The Confederation of British Industry (CBI) has warned the Government that the country’s economic recovery is being put at risk by what they describe as Chancellor George Osborne’s ‘tax assault’ on UK business.

According to the new Director-General [DG] of the CBI, Carolyn Fairbairn, recent initiatives in Mr Osborne’s Budgets have placed a £9bn a year burden on UK businesses and economic growth could be threatened if the Chancellor increases the costs to business further in his Budget next month.

Speaking at the publication of the CBI’s official pre-budget submission, the DG claimed that the new National Living Wage and the apprenticeship levy, both of which come into effect in April, will have cost UK business £29bn by 2020.

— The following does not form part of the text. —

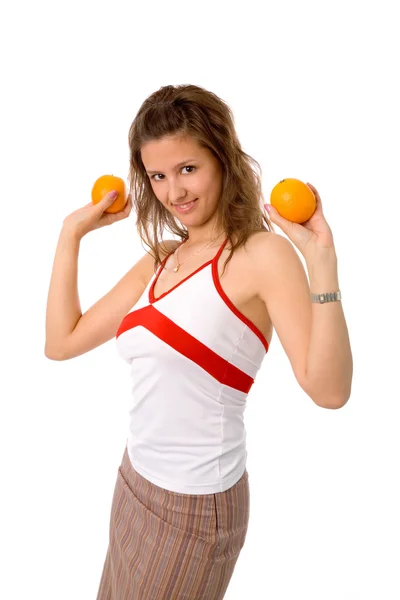 Mujer con naranjas —  Fotos de Stock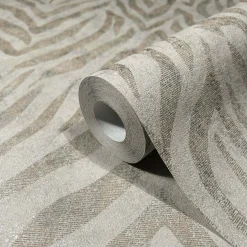 GZSZ Vliestapete Zebra Streifen Beige Braun Metallic 34816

While the group’s members say they can tolerate the existing burden, they have reached a tipping point on levies, which threatens investment decisions and growth plans. They are also concerned about the cost and impact of business rates, which the CBI believes should be reformed.

According to Ms Fairbairn, a reform to business rates would help regenerate town centres and also help to stimulate economic growth. She added that the CBI supports the Chancellor’s aim to reduce the deficit over the cycle, but believes that the best way to achieve this is to go for growth, to which a reform of business rates would contribute.

The business group also believes that more frequent valuations of commercial premises would be a big step forward and called on the Government to rate properties using the consumer prices measure of inflation rather than the retail prices index (RPI), which is no longer considered an official statistic. Meanwhile, it wants the UK’s smallest businesses to be exempt from the tax altogether.